Creating the Bigrams:

bigrams <- tibble(text = subset_data) %>%
  unnest_tokens(bigram, text, token = "ngrams", n = 2) %>%
  separate(bigram, c("word1", "word2"), sep = " ") %>%
  filter(str_detect(word1, "^[a-z]+$"),
         str_detect(word2, "^[a-z]+$")) %>%
  filter(!word1 %in% stop_words$word,
         !word2 %in% stop_words$word) %>%
  unite(bigram, word1, word2, sep = " ") %>%
  count(bigram, sort = TRUE)

Plot of the Most Common Bigrams:

bigrams %>%
  slice_max(n, n = 10) %>%
  ggplot(aes(x = reorder(bigram, n), y = n)) +
  geom_col(fill = "blue") +
  coord_flip() +
  labs(title = "Top 10 Most Common Bigrams", x = "Bigrams", y = "Count") +
  theme_minimal()

Thus, we can see that the most common bigrams are: “st louis”, “los angeles”, “san francisco”, “health care”, “san diego”, “happy birthday”, “social media”, “ice cream”, “white house”, and “weeks ago”.

Most Common Trigrams (3-Grams)

Creating the Trigrams:

trigrams <- tibble(text = subset_data) %>%
  unnest_tokens(trigram, text, token = "ngrams", n = 3) %>%
  separate(trigram, c("word1", "word2", "word3"), sep = " ") %>%
  filter(str_detect(word1, "^[a-z]+$"),
         str_detect(word2, "^[a-z]+$"),
         str_detect(word3, "^[a-z]+$")) %>%
  unite(trigram, word1, word2, word3, sep = " ") %>%
  count(trigram, sort = TRUE)

Plot of the Most Common Trigrams:

trigrams %>%
  slice_max(n, n = 10) %>%
  ggplot(aes(x = reorder(trigram, n), y = n)) +
  geom_col(fill = "green") +
  coord_flip() +
  labs(title = "Top 10 Most Common Trigrams", x = "Trigrams", y = "Count") +
  theme_minimal()

Thus, we can see that the most common trigrams are: “one of the”, “i do not”, “a lot of”, “it is a”, “i am not”, “it is not”, “i have been”, “there is a”, “i can not”, and “the end of”.

Next Steps

The next steps for creating my prediction algorithm and Shiny app involve constructing n-gram language models from my cleaned corpus. I will attempt 6 different models to predict the next word. I will start with 6-grams, and then move down to 5-grams, 4-grams, 3-grams, 2-grams, and 1-grams. This is known as a backoff approach where I use the highest-order n-gram available and progressively back down to smaller n-grams.

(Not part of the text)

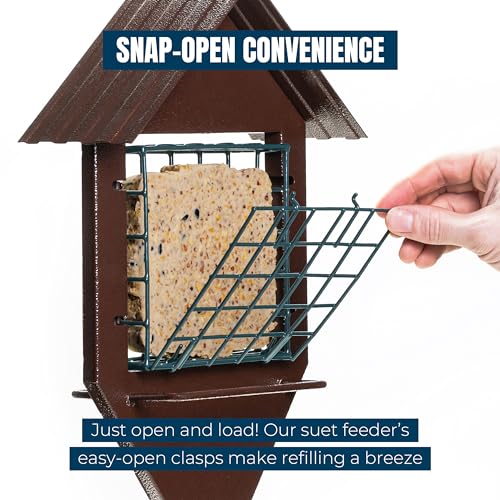 MEKKAPRO Bird Suet Feeder House with Double Cage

Because many possible word combinations may not appear in the dataset, I will also explore smoothing techniques to help assign small probabilities to unseen word sequences and improve the robustness of the predictions. I may revise the number of n-gram models I use depending on predictive accuracy and how long it takes to run. My goal is to reduce memory usage as much as possible and run efficiently without significantly reducing the performance of the model.

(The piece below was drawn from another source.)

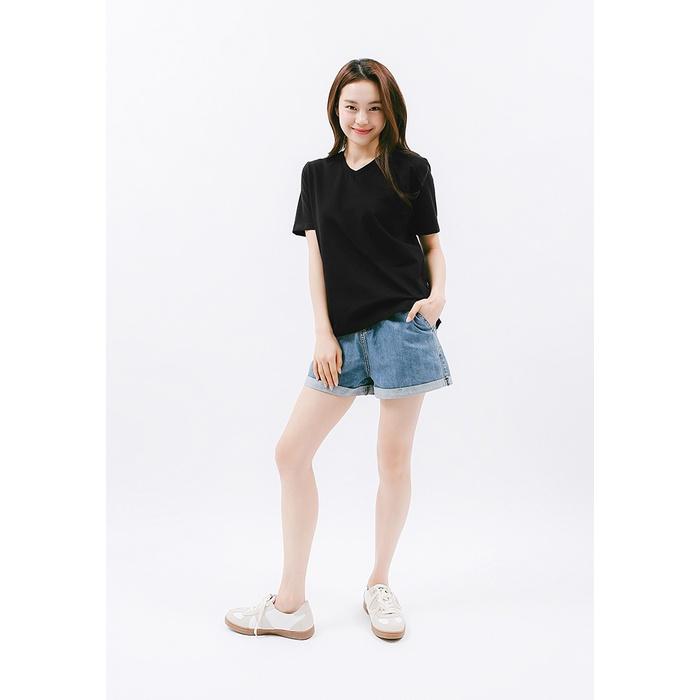 ÁO THUN TRƠN CỔ TIM NỮ - BASIC PLUS V NECK T-SHIRT - LO21162002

I will also need to experiment with the size of the dataset used to build my model. I could not run the entire dataset for this exploratory analysis, I arbitrarily chose a subset of 25,000 items. Perhaps, this may not be enough to make the most accurate predictions, and I will have to increase this number if computational resources allow. The dataset will then be randomly divided into training, validation, and test sets using a 60/30/10 split in order to evaluate the model’s performance.

Finally, I will create a Shiny application with my predictive model. I want this to be very user-friendly and simple. There will be a text box for users to input a word or phrase, and underneath they will receive real-time next-word predictions based on my model.